4 Handle Multiple Datasets

4.1 Load Packages

library(googlesheets4)
library(tidyverse)
library(here)
library(janitor)
library(pointblank)
library(glue)

4.2 What If We Want Our Pipeline to Include More Than One Dataset?

Nearly every organization will have multiple datasets in need of engineering. A temptation when updating our pipeline is to just copy/paste the code we used for a previous dataset.

While this might be faster at first, this approach scales terribly. And even if you have the finest attention to detail you’re bound to make a mistake at some point.

So what do we do instead?

We use functions that allow us to do the same process many times automatically. These functions will allow us to write a similar amount of code for handling 100 datasets as we did for handling 1 dataset.

The first function we’ll use to read in three datasets at once is called map().
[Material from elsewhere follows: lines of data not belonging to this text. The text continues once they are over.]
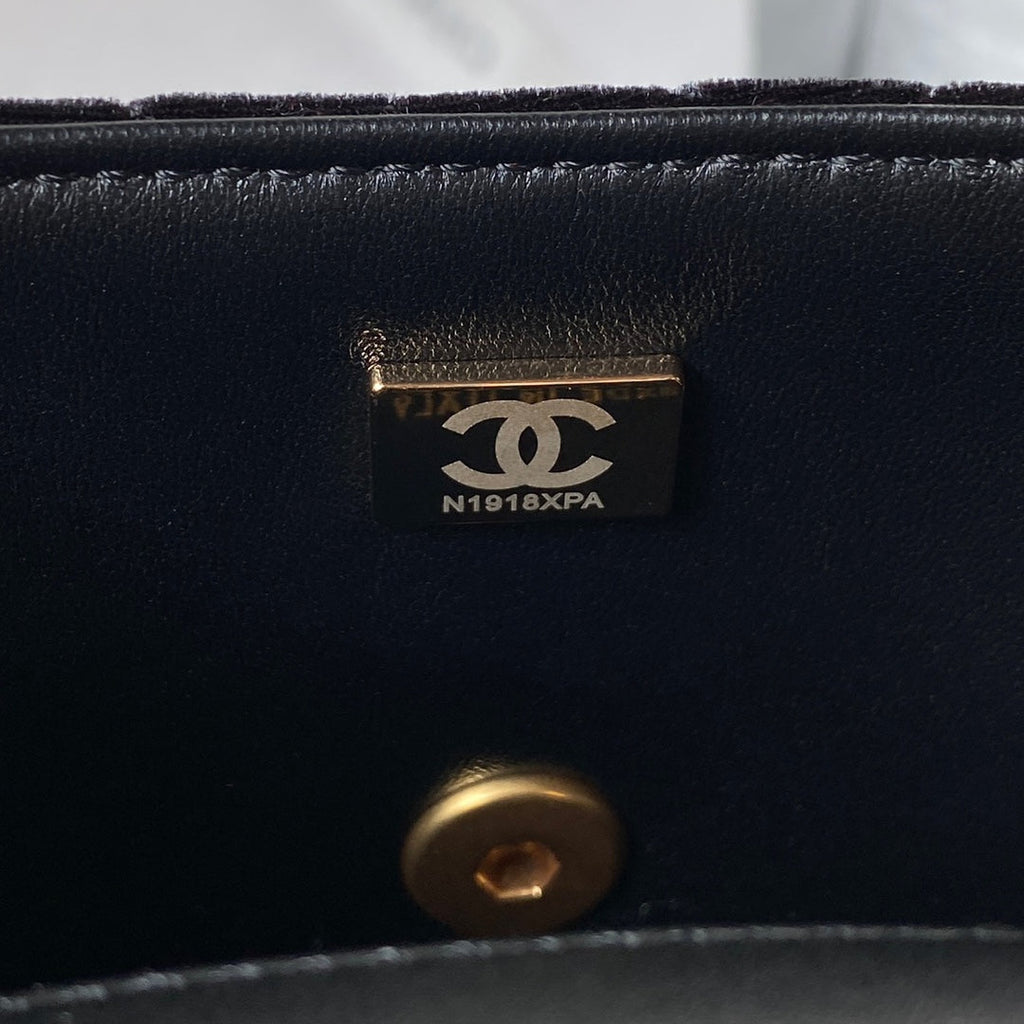 Chanel AS3442 Tote Mini Flap Bag Black Velvet Gold-tone metal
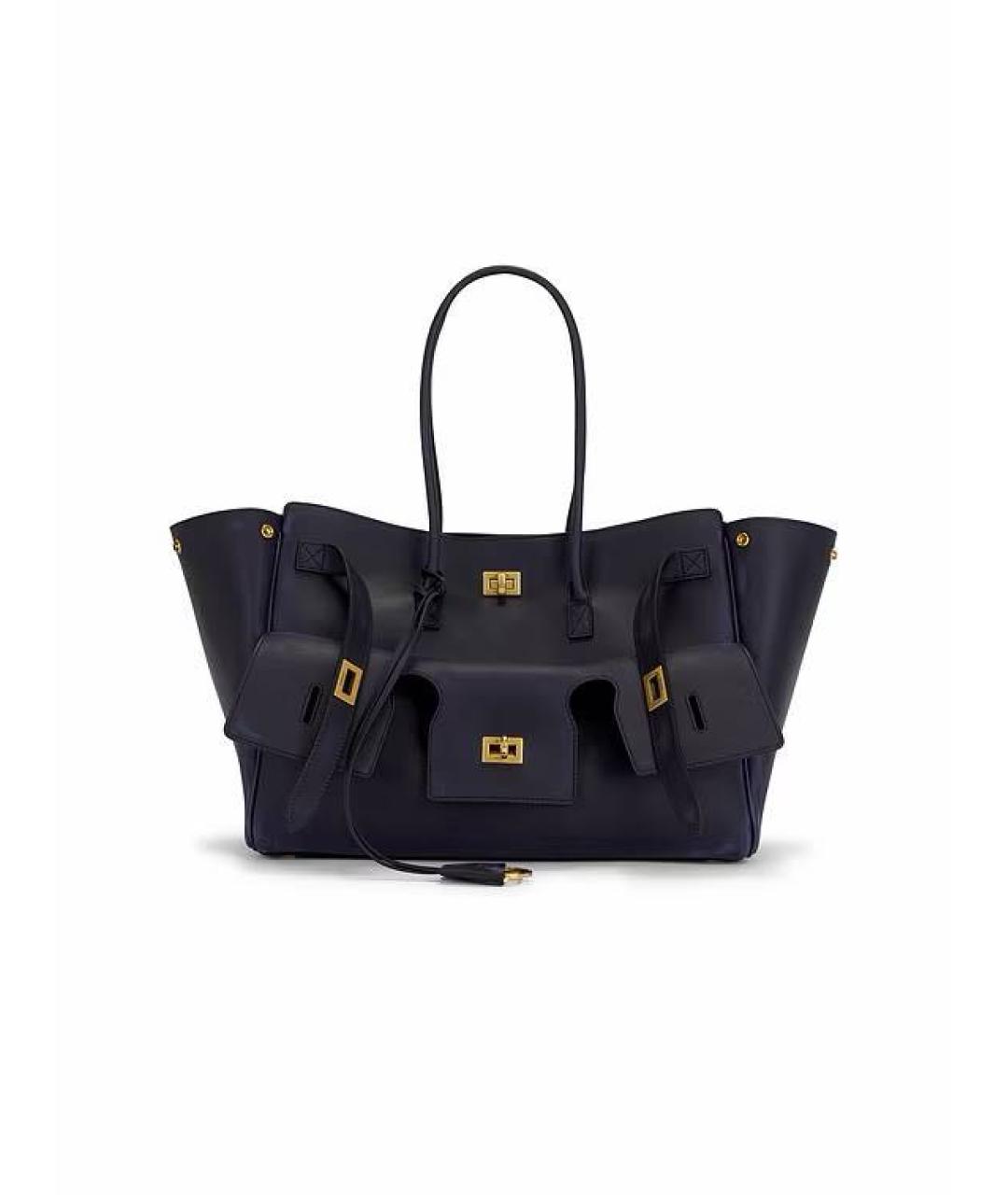 BALENCIAGA Темно-синяя кожаная сумка тоут, фото 6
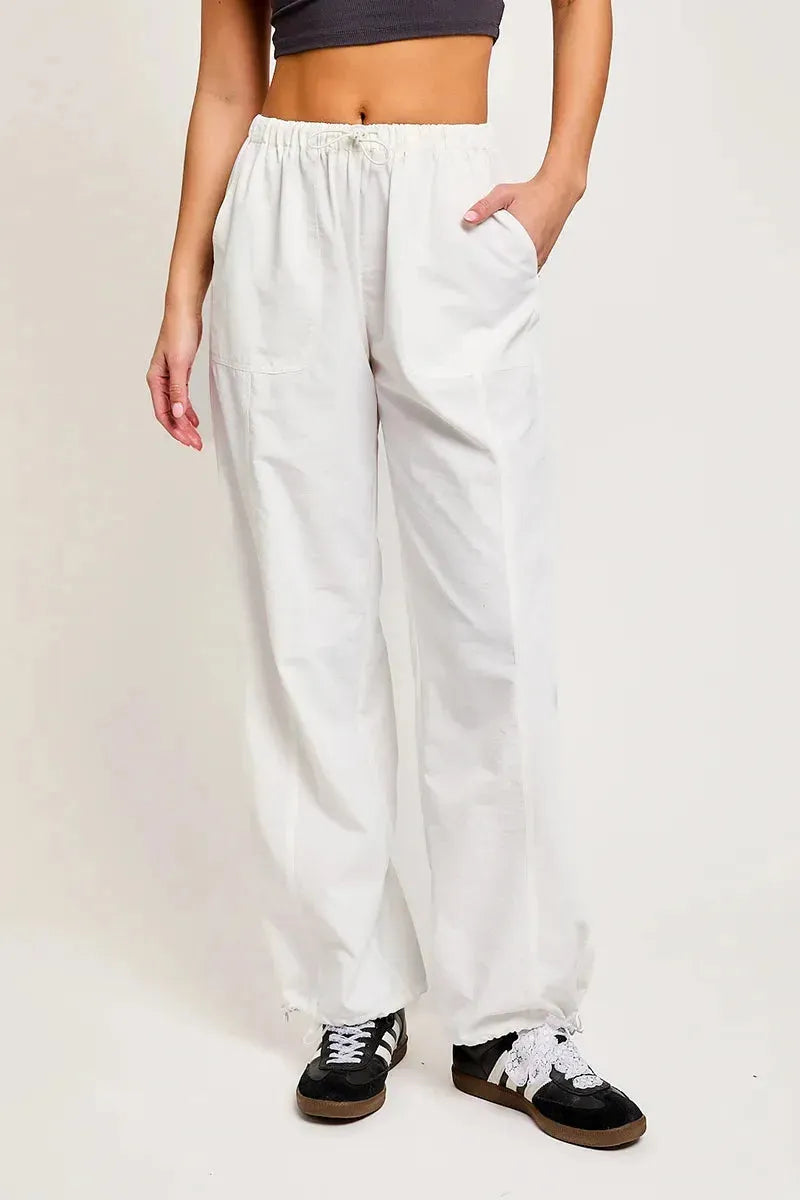 Modern High Waist Ankle-Tie Jogger Pants – Sporty Casual Look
4.3 Modifying Our Previous Code

# Since this Google Sheet is public to anyone with the link we don't need
# to authenticate

gs4_deauth()

# Get the IDs of our Google Sheets

sheet_ids <- c("1v0lG-4arxF_zCCpfoUzCydwzaea7QqWTTQzTr8Dompw",
               "1wPmFajaVyWIImmvEyf6wp16mAkX1PGC5jyKUx7s7DBQ",
               "1Biy_OhNxkaWDteBQt7AfzD89g1j2NY7mctYr50S2WVg")

# Read in all the data using the googlesheets4 package

all_datasets_raw <- map(sheet_ids, ~read_sheet(.x, na = "NA"))

There are more complicated, technically correct ways to think about what map() does, but for now:

map() lets us write code like we’re doing the process once¹, replace the single instance² with a placeholder .x, and run the code on a bunch of instances³.

This is a lot to get our brains around at first, and it’s one of the engines that makes scalable, reproducible data pipelines possible. For a resource focused on helping you understand map() click here

4.4 Write Raw Data All at Once

What if we want to use map() with two inputs instead of one? map2() has us covered!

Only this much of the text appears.